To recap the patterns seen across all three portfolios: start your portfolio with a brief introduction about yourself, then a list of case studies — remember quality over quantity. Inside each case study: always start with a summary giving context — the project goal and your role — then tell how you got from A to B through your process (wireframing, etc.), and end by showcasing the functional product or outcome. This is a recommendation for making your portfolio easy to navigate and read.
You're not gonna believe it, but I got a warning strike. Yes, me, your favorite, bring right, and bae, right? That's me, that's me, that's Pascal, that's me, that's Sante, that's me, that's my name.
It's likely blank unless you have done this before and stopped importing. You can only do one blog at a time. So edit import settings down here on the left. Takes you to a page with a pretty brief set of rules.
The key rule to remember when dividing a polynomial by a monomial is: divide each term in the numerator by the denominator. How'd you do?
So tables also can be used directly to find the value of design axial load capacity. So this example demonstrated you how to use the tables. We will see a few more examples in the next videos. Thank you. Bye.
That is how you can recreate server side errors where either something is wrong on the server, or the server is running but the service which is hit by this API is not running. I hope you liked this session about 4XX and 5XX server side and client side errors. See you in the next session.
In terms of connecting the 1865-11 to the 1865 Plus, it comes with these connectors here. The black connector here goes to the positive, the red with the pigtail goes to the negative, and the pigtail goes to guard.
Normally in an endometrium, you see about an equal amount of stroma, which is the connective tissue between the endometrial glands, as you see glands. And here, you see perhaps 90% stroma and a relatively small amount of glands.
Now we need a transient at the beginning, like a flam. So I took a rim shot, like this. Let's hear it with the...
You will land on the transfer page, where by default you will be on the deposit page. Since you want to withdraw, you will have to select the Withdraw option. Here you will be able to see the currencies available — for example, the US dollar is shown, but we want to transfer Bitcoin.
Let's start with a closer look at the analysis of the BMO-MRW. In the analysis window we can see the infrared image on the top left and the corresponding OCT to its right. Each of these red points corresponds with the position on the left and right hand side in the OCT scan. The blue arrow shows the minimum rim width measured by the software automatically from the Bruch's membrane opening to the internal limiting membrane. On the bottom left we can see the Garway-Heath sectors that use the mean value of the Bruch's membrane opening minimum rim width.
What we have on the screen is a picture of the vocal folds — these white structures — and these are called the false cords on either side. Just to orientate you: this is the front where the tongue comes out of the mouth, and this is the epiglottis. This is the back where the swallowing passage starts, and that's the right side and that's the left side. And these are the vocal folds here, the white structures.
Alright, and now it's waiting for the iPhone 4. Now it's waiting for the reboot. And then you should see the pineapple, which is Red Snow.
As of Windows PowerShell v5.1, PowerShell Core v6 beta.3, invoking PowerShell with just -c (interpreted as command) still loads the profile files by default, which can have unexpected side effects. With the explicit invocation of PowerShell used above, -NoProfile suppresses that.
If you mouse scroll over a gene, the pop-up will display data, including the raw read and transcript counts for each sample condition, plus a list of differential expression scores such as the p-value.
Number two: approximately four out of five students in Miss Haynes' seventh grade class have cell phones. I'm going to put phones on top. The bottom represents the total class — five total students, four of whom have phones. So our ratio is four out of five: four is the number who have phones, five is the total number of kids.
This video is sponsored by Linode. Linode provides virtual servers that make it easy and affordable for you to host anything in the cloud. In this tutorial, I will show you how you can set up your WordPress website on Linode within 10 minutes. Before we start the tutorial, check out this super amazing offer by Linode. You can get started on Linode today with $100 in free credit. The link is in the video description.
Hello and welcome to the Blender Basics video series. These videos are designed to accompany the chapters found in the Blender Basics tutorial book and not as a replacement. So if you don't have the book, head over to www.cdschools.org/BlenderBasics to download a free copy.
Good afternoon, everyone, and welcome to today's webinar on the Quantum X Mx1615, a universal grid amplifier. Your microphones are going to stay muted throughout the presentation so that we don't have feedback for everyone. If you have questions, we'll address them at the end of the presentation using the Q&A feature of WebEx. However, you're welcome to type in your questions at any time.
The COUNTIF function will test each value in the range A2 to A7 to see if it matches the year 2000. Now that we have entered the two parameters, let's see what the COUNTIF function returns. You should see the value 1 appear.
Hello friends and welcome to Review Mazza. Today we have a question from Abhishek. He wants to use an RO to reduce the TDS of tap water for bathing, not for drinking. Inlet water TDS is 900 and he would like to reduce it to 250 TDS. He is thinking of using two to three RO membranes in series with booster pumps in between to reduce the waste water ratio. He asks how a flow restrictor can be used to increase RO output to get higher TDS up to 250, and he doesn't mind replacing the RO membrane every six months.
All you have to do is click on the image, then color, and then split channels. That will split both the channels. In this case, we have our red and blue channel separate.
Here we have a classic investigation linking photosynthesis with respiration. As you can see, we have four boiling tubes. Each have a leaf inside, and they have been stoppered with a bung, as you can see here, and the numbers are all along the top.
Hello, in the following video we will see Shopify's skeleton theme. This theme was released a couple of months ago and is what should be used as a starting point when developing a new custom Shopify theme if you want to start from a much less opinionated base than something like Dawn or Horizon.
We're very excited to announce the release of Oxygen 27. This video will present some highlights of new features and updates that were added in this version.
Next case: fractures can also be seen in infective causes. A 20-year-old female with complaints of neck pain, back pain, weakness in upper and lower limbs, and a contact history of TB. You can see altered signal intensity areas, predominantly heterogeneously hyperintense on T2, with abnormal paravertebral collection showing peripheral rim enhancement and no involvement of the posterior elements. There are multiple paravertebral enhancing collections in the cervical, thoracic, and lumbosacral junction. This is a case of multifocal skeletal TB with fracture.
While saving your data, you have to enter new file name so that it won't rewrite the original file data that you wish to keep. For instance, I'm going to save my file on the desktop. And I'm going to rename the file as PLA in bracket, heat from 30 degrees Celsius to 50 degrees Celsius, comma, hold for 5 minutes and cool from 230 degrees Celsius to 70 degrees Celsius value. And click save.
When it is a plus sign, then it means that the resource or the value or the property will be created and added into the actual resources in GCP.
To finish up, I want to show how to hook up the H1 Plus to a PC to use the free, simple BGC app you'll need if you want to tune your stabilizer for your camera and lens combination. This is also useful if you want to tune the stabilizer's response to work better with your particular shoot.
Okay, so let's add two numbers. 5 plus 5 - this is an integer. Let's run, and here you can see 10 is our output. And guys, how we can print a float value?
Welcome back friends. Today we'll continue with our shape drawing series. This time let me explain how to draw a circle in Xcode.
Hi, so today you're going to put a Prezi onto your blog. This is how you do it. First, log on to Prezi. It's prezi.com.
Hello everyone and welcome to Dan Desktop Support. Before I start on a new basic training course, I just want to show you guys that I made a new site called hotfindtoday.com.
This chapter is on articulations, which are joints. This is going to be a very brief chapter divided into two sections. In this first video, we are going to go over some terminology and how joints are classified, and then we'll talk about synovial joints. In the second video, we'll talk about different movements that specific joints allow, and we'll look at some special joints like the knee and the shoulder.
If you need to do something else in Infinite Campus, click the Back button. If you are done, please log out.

* _What to do_: When you transcribe the listing, make each line match the original exactly.

* _Task solution_:
To recap the patterns seen across all three portfolios: start your portfolio with a brief introduction about yourself, then a list of case studies — remember quality over quantity. Inside each case study: always start with a summary giving context — the project goal and your role — then tell how you got from A to B through your process (wireframing, etc.), and end by showcasing the functional product or outcome. This is a recommendation for making your portfolio easy to navigate and read.
You're not gonna believe it, but I got a warning strike. Yes, me, your favorite, bring right, and bae, right? That's me, that's me, that's Pascal, that's me, that's Sante, that's me, that's my name.
It's likely blank unless you have done this before and stopped importing. You can only do one blog at a time. So edit import settings down here on the left. Takes you to a page with a pretty brief set of rules.
The key rule to remember when dividing a polynomial by a monomial is: divide each term in the numerator by the denominator. How'd you do?
So tables also can be used directly to find the value of design axial load capacity. So this example demonstrated you how to use the tables. We will see a few more examples in the next videos. Thank you. Bye.
That is how you can recreate server side errors where either something is wrong on the server, or the server is running but the service which is hit by this API is not running. I hope you liked this session about 4XX and 5XX server side and client side errors. See you in the next session.
In terms of connecting the 1865-11 to the 1865 Plus, it comes with these connectors here. The black connector here goes to the positive, the red with the pigtail goes to the negative, and the pigtail goes to guard.
Normally in an endometrium, you see about an equal amount of stroma, which is the connective tissue between the endometrial glands, as you see glands. And here, you see perhaps 90% stroma and a relatively small amount of glands.
Now we need a transient at the beginning, like a flam. So I took a rim shot, like this. Let's hear it with the...
You will land on the transfer page, where by default you will be on the deposit page. Since you want to withdraw, you will have to select the Withdraw option. Here you will be able to see the currencies available — for example, the US dollar is shown, but we want to transfer Bitcoin.
Let's start with a closer look at the analysis of the BMO-MRW. In the analysis window we can see the infrared image on the top left and the corresponding OCT to its right. Each of these red points corresponds with the position on the left and right hand side in the OCT scan. The blue arrow shows the minimum rim width measured by the software automatically from the Bruch's membrane opening to the internal limiting membrane. On the bottom left we can see the Garway-Heath sectors that use the mean value of the Bruch's membrane opening minimum rim width.
What we have on the screen is a picture of the vocal folds — these white structures — and these are called the false cords on either side. Just to orientate you: this is the front where the tongue comes out of the mouth, and this is the epiglottis. This is the back where the swallowing passage starts, and that's the right side and that's the left side. And these are the vocal folds here, the white structures.
Alright, and now it's waiting for the iPhone 4. Now it's waiting for the reboot. And then you should see the pineapple, which is Red Snow.
As of Windows PowerShell v5.1, PowerShell Core v6 beta.3, invoking PowerShell with just -c (interpreted as command) still loads the profile files by default, which can have unexpected side effects. With the explicit invocation of PowerShell used above, -NoProfile suppresses that.
If you mouse scroll over a gene, the pop-up will display data, including the raw read and transcript counts for each sample condition, plus a list of differential expression scores such as the p-value.
Number two: approximately four out of five students in Miss Haynes' seventh grade class have cell phones. I'm going to put phones on top. The bottom represents the total class — five total students, four of whom have phones. So our ratio is four out of five: four is the number who have phones, five is the total number of kids.
This video is sponsored by Linode. Linode provides virtual servers that make it easy and affordable for you to host anything in the cloud. In this tutorial, I will show you how you can set up your WordPress website on Linode within 10 minutes. Before we start the tutorial, check out this super amazing offer by Linode. You can get started on Linode today with $100 in free credit. The link is in the video description.
Hello and welcome to the Blender Basics video series. These videos are designed to accompany the chapters found in the Blender Basics tutorial book and not as a replacement. So if you don't have the book, head over to www.cdschools.org/BlenderBasics to download a free copy.
Good afternoon, everyone, and welcome to today's webinar on the Quantum X Mx1615, a universal grid amplifier. Your microphones are going to stay muted throughout the presentation so that we don't have feedback for everyone. If you have questions, we'll address them at the end of the presentation using the Q&A feature of WebEx. However, you're welcome to type in your questions at any time.
The COUNTIF function will test each value in the range A2 to A7 to see if it matches the year 2000. Now that we have entered the two parameters, let's see what the COUNTIF function returns. You should see the value 1 appear.
Hello friends and welcome to Review Mazza. Today we have a question from Abhishek. He wants to use an RO to reduce the TDS of tap water for bathing, not for drinking. Inlet water TDS is 900 and he would like to reduce it to 250 TDS. He is thinking of using two to three RO membranes in series with booster pumps in between to reduce the waste water ratio. He asks how a flow restrictor can be used to increase RO output to get higher TDS up to 250, and he doesn't mind replacing the RO membrane every six months.
All you have to do is click on the image, then color, and then split channels. That will split both the channels. In this case, we have our red and blue channel separate.
Here we have a classic investigation linking photosynthesis with respiration. As you can see, we have four boiling tubes. Each have a leaf inside, and they have been stoppered with a bung, as you can see here, and the numbers are all along the top.
Hello, in the following video we will see Shopify's skeleton theme. This theme was released a couple of months ago and is what should be used as a starting point when developing a new custom Shopify theme if you want to start from a much less opinionated base than something like Dawn or Horizon.
We're very excited to announce the release of Oxygen 27. This video will present some highlights of new features and updates that were added in this version.
Next case: fractures can also be seen in infective causes. A 20-year-old female with complaints of neck pain, back pain, weakness in upper and lower limbs, and a contact history of TB. You can see altered signal intensity areas, predominantly heterogeneously hyperintense on T2, with abnormal paravertebral collection showing peripheral rim enhancement and no involvement of the posterior elements. There are multiple paravertebral enhancing collections in the cervical, thoracic, and lumbosacral junction. This is a case of multifocal skeletal TB with fracture.
While saving your data, you have to enter new file name so that it won't rewrite the original file data that you wish to keep. For instance, I'm going to save my file on the desktop. And I'm going to rename the file as PLA in bracket, heat from 30 degrees Celsius to 50 degrees Celsius, comma, hold for 5 minutes and cool from 230 degrees Celsius to 70 degrees Celsius value. And click save.
When it is a plus sign, then it means that the resource or the value or the property will be created and added into the actual resources in GCP.
To finish up, I want to show how to hook up the H1 Plus to a PC to use the free, simple BGC app you'll need if you want to tune your stabilizer for your camera and lens combination. This is also useful if you want to tune the stabilizer's response to work better with your particular shoot.
Okay, so let's add two numbers. 5 plus 5 - this is an integer. Let's run, and here you can see 10 is our output. And guys, how we can print a float value?
Welcome back friends. Today we'll continue with our shape drawing series. This time let me explain how to draw a circle in Xcode.
Hi, so today you're going to put a Prezi onto your blog. This is how you do it. First, log on to Prezi. It's prezi.com.
Hello everyone and welcome to Dan Desktop Support. Before I start on a new basic training course, I just want to show you guys that I made a new site called hotfindtoday.com.
This chapter is on articulations, which are joints. This is going to be a very brief chapter divided into two sections. In this first video, we are going to go over some terminology and how joints are classified, and then we'll talk about synovial joints. In the second video, we'll talk about different movements that specific joints allow, and we'll look at some special joints like the knee and the shoulder.
If you need to do something else in Infinite Campus, click the Back button. If you are done, please log out.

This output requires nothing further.